Imam Nawawi dalam Al-Majmu’ jld.3, hlm.505 maksudnya: “Adapun jawaban terhadap hadits Anas dan Abi Hurairah r.a dalam ucapannya dengan (thumma tarakahu) maka maksudnya adalah meninggalkan doa melaknat kepada orang-orang kafir itu saja. Bukan meninggalkan seluruh qunut atau meninggalkan qunut pada selain subuh.

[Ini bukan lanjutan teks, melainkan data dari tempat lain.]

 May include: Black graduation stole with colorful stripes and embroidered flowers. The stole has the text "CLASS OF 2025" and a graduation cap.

Pentafsiran seperti ini mesti dilakukan karena hadits Anas di kesempatan yang lain adalah ’senantiasa Nabi qunut di dalam solat subuh sehingga beliau meninggal dunia’ adalah shahih lagi jelas maka wajiblah menggabungkan di antara kedua-duanya.”

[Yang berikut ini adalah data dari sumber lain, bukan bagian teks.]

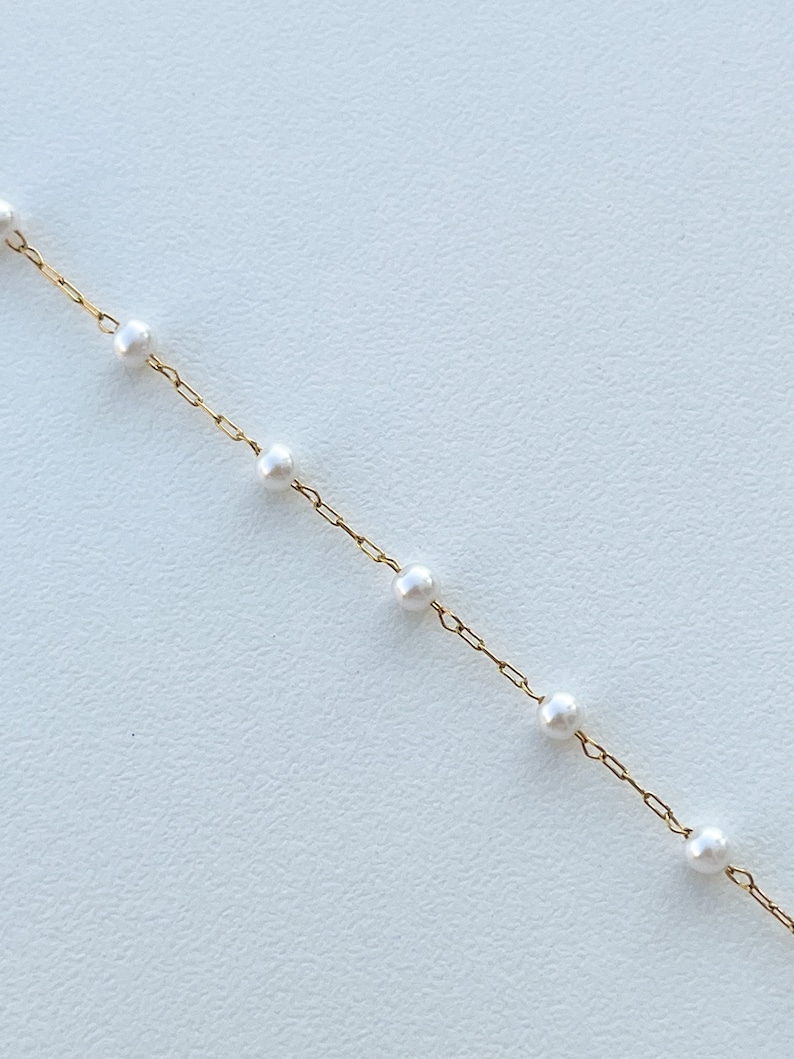 May include: A delicate gold chain necklace with small white pearls spaced evenly along the chain.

Jadi para fuqaha (ahli fiqih) menggunakan metode penggabungan dua dalil atau lebih (thariqatul-jam’i) bila ada dalil-dalil yang sama shahihnya, tetapi secara dzhahir nampak agak bertentangan yakni “meninggalkan qunut” dengan “senantiasa Nabi qunut di dalam sholat subuh sehingga beliau meninggal dunia”

Kemudian para fuqaha (ahli fiqih) menggunakan salah satu kaidah ushul fiqih yakni

المثبت مقدم على النافى

Artinya: “ Yang menetapkan ada didahulukan atas yang meniadakan “

Dari Abi Hurairah ra. berkata bahwa Rasulullah shallallahu alaihi wasallam bila bangun dari ruku’-nya pada shalat shubuh di rakaat kedua, beliau mengangkat kedua tanggannya dan berdoa: Allahummahdini fii man hadait…dan seterusnya.” (HR Al-Hakim dan dishahihkan)

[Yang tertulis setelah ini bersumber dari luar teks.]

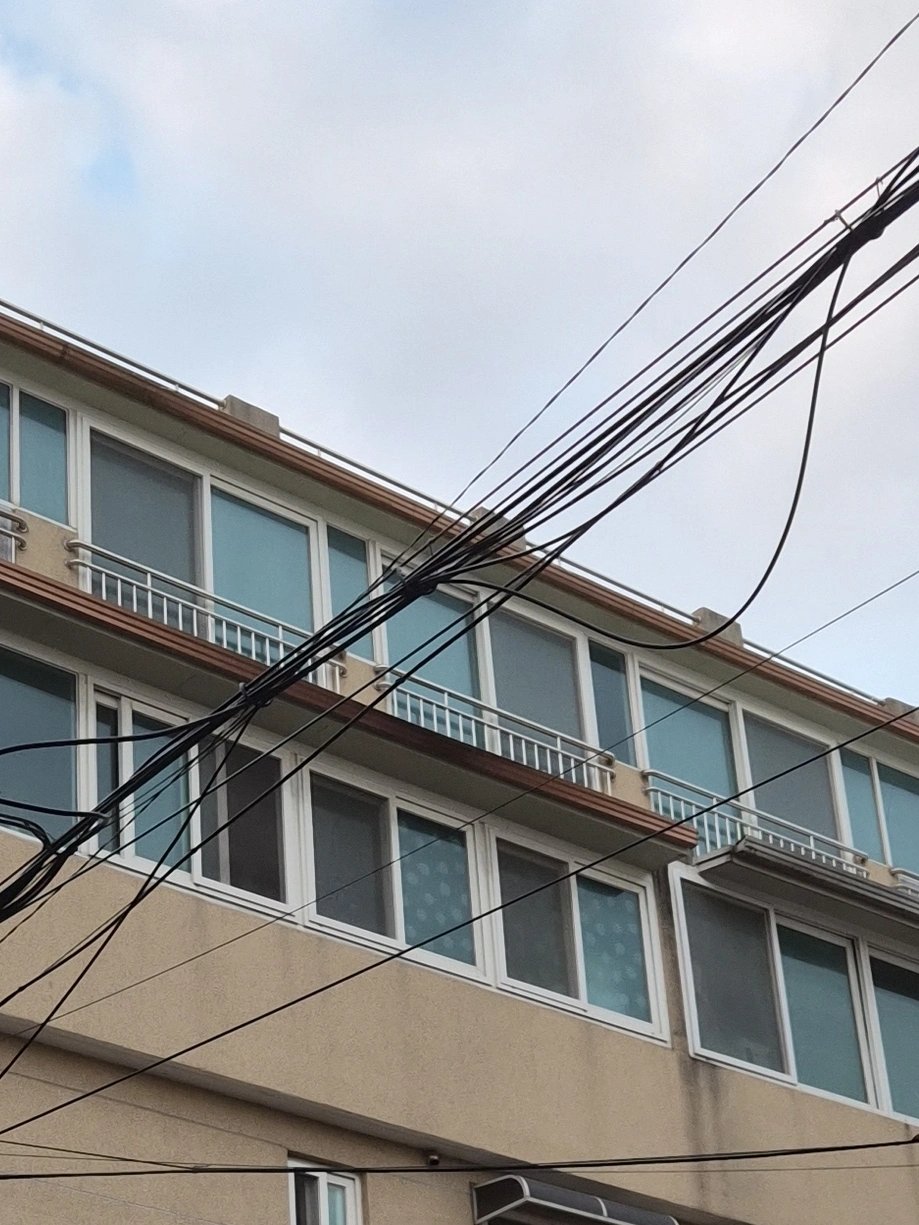 건물 외벽을 올려다본 사진으로, 창문과 발코니 난간이 층마다 반복되는 구조가 보인다.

Dari Ibnu Abbas ra. berkata bahwa Rasulullah shallallahu alaihi wasallam mengajari kami doa untuk dibaca dalam qunut pada shalat shubuh. (HR Al-Baihaqi)

Dengan adanya beberapa hadits ini, maka para ulama salaf seperti Imam Asy-Syafi’i, Al-Qasim, Zaid bin Ali dan lainnya mengatakan bahwa melakukan doa qunut pada shalat shubuh adalah sunnah.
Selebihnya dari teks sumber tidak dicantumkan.